L’article en bref
L’article en bref : La DSLD est une dégénérescence systémique du ligament suspenseur affectant progressivement les chevaux, particulièrement les ambleurs péruviens.
- Maladie systémique : Au-delà du ligament suspenseur, elle touche tendons, système cardiovasculaire et tissus oculaires
- Races vulnérables : Peruvian Paso, Paso Fino, Arabes et Quarter Horse présentent des taux d’incidence très élevés
- Signes progressifs : Boiterie irrégulière, gonflements des boulets, trébuchements et changements comportementaux
- Diagnostic échographique : Seule l’imagerie confirme l’élargissement ligamentaire et les déchirures de fibres
- Aucune cure disponible : Les traitements restent palliatifs avec ferrure adaptée, alimentation et suppléments anti-inflammatoires
J’ai vu passer des cas de boiterie progressive qui m’ont laissé perplexe pendant des années dans mon centre équestre.

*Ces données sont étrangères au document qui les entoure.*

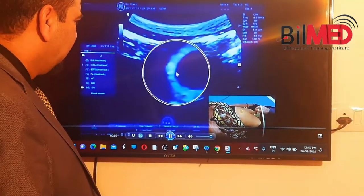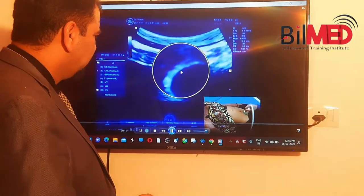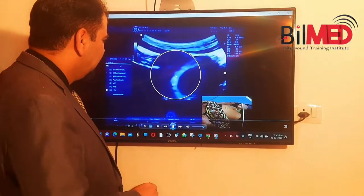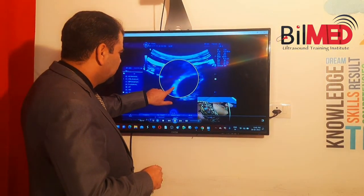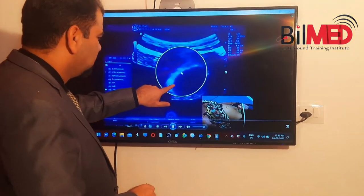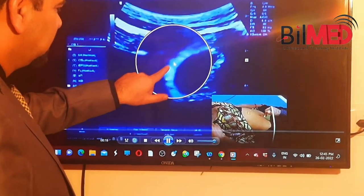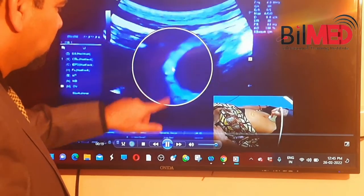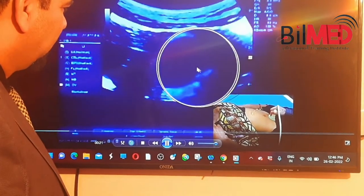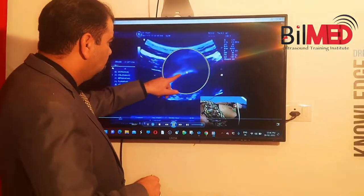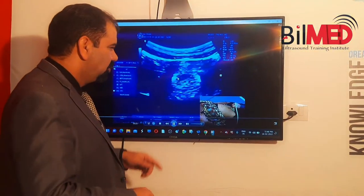This is the gestational sac which you will pick on the ultrasound machine. The point here is that there are decidual reactions. See this — this is the decidual reaction which is more hyperechoic over here. The point is this decidual reaction will not be uniform throughout.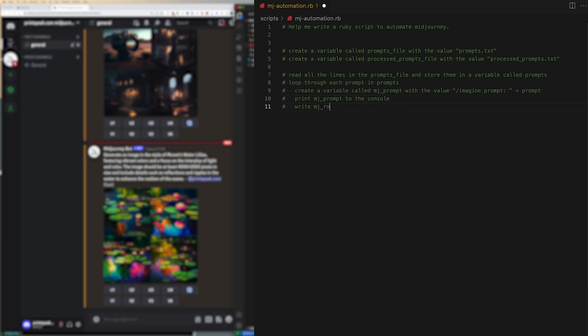There is then a comment to just print out mj prompt to the console and to write mj prompt to the clipboard. It's this value in the clipboard that we're going to paste directly into Discord as we move along. Lastly I just let it pause for two seconds.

Des boulets qui s’affaissent doucement, des chevaux qui buttent sans raison apparente… Ce n’est qu’en approfondissant mes recherches que j’ai mis un nom précis sur cette réalité : la desmite du ligament suspenseur, et plus particulièrement sa forme dégénérative, la DSLD. Laisse-moi t’expliquer clairement ce que c’est.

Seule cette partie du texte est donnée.